Luke Donald is the highest-ranked player in the field at No. 3, followed by Adam Scott at No. 7, No. 8 Lee Westwood. Also featured is Bubba Watson at No. 9, and the lovable Phil Mickelson rounds out the competition's top-10 players.
It's hard to get a pulse on how players will do this early in the year, but find out whether any of those aforementioned stars are among the favorites to win this leg of the PGA's West Coast swing.
The reigning Masters winner hasn't had a ton of success since picking up that green jacket, having not won a tournament since then.
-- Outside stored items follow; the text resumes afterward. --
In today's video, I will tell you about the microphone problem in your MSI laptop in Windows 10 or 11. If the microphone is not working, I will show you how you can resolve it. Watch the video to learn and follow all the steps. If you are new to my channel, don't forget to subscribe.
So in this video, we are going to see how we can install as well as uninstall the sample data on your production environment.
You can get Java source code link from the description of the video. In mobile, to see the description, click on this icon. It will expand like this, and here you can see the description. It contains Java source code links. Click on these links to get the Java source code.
That seems to indicate that the long-hitting, all-feel player is due for a trophy, and there isn't a much better place for him to do it than here.
Watson obviously hits the ball a mile and is one of the premier ball-strikers in the world—largely thanks to the short clubs he pulls on approach shots due to his incredible length.
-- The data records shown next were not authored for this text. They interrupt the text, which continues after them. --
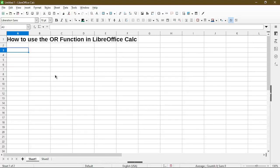In this video, I'll show you how to get started with using the OR function in LibreOffice Calc. Hi, my name is Michael with Office Nifty. I make quick tips and video tutorials on how to use Calc software.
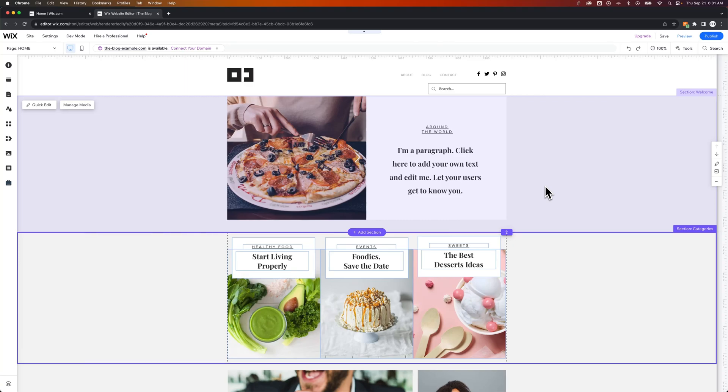How do you reset your Wix website? If you want to start over, there's two options you have. The first is to just start a new site. So you can start a new site, pick a new template, or pick the same template, and kind of restart.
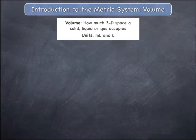The units for volume that will be considered, from smallest to largest, are millilitres and litres.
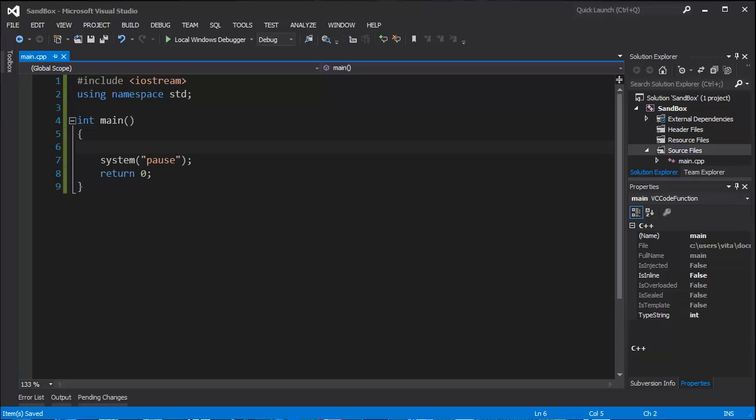Welcome to my 11th tutorial. It's about pointers, and sorry for not uploading videos lately. I was busy studying through university, so let's get on with C++.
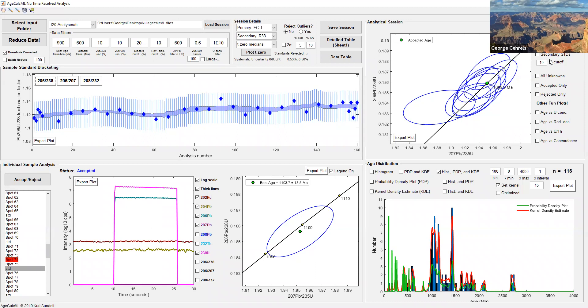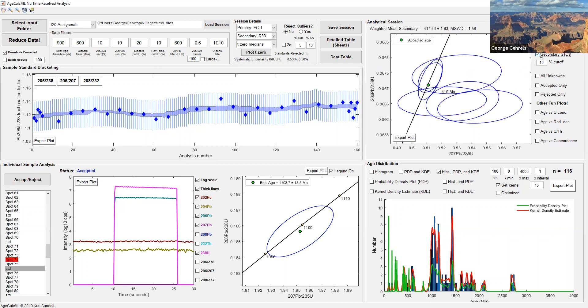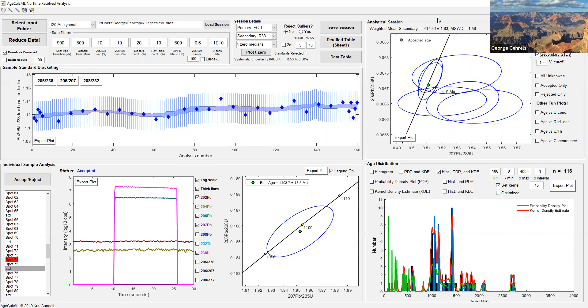Let's take a look at our secondary standards and see how we're doing. We know our secondary standard has a true age of 419 MA. Here are the measured secondary standards and their weighted mean age is 417.5. So that's about 0.3%, about a quarter of a percent too young. That's pretty good. If we're talking about reproducibility of 1%, here we are. Our secondary standard is a quarter of a percent. We would say that's a pretty good analysis.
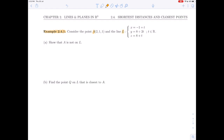We're given point A, which is the point (2, 1, 1), and the line L, which is: x = -1 + t, y = 8 + 2t, and z = 8 + t.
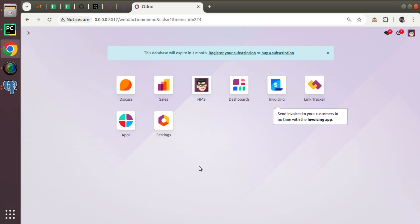Hello, good morning all. Today in this video we are going to discuss regarding the related fields in Odoo.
Putting has always been a bit of an inconsistent area for Watson, but if he can drain a few, he has a legitimate shot at winning.
Plus, this venue was kind to him just a year ago as he finished in a tie for 13th.
What's most encouraging more recently, though, is that Watson fired a seven-under 64 in the final round of the Phoenix Open to come in 15th. That gives him plenty of positives to draw on entering this event, and with his ability to make birdie from anywhere, expect him to be a major factor.
The defending champion has posted two consecutive top-10 finishes after an inconsistent start to the 2013 season.
One of the quieter big names in American golf, Haas won this event in dramatic fashion last year, besting both Keegan Bradley and Phil Mickelson in a playoff after both players jarred birdie putts on the 72nd hole.
The long putt Haas made in the playoff showed he can come through in the clutch, and he clearly feels comfortable on this course.
At a venue that didn't yield low scores in 2012, Haas has to hope that such a trend continues since it plays favorably into what he does best. Ball-striking will be paramount, which is precisely what Haas excels at. His iron play is exceptional, and he is one of the best at driving the ball in terms of distance and accuracy.
If he can simply hole a few putts, he has a solid chance of repeating as the winner.
It took the aforementioned heroics of Haas to keep Mickelson out of the winner's circle at Riviera in 2012, and that bodes well for him this week.
Although he was off his game at Pebble Beach after a dominant wire-to-wire win at the Phoenix Open, Lefty has the length and confidence in his new Callaway RAZR Fit Xtreme driver to vault into contention again.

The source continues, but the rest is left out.